--- Exercise instructions ---
Print, exactly as they stand, the lines below from the one that has "ERIT Samsung Galaxy" to the one that has "Placa Espelho 4x4", inclusive, leaving out the pictures.

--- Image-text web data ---
____________________

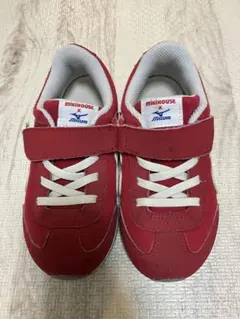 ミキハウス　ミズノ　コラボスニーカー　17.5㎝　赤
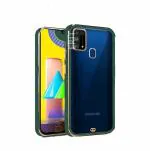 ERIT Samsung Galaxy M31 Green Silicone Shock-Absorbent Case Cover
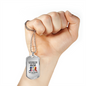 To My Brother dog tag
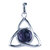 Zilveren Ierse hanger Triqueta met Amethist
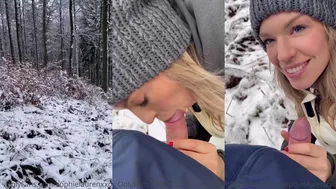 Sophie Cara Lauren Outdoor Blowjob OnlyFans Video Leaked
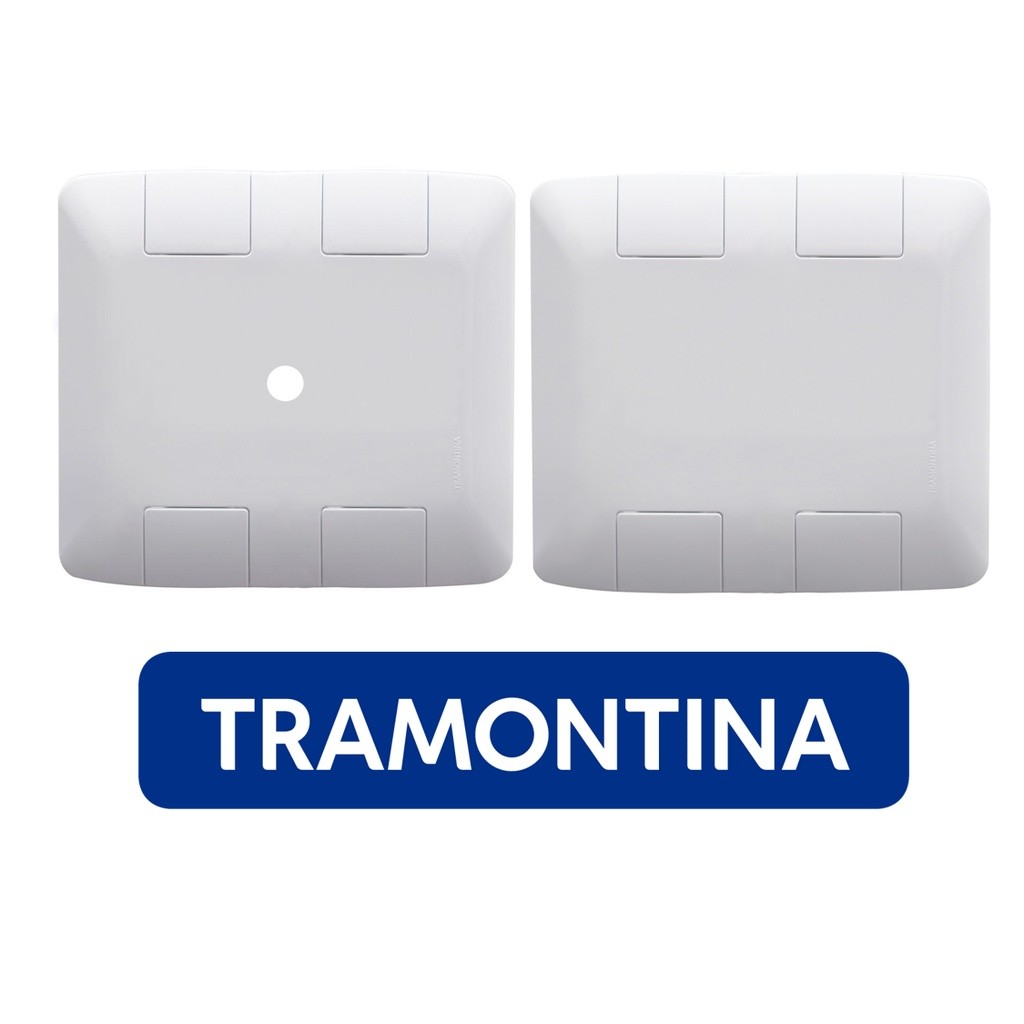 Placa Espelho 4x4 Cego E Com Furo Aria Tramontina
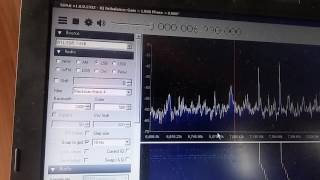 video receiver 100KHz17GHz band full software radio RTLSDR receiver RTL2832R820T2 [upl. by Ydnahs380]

____________________

--- Task answer ---
 ERIT Samsung Galaxy M31 Green Silicone Shock-Absorbent Case Cover
 To My Brother dog tag
 Zilveren Ierse hanger Triqueta met Amethist
 Sophie Cara Lauren Outdoor Blowjob OnlyFans Video Leaked
 Placa Espelho 4x4 Cego E Com Furo Aria Tramontina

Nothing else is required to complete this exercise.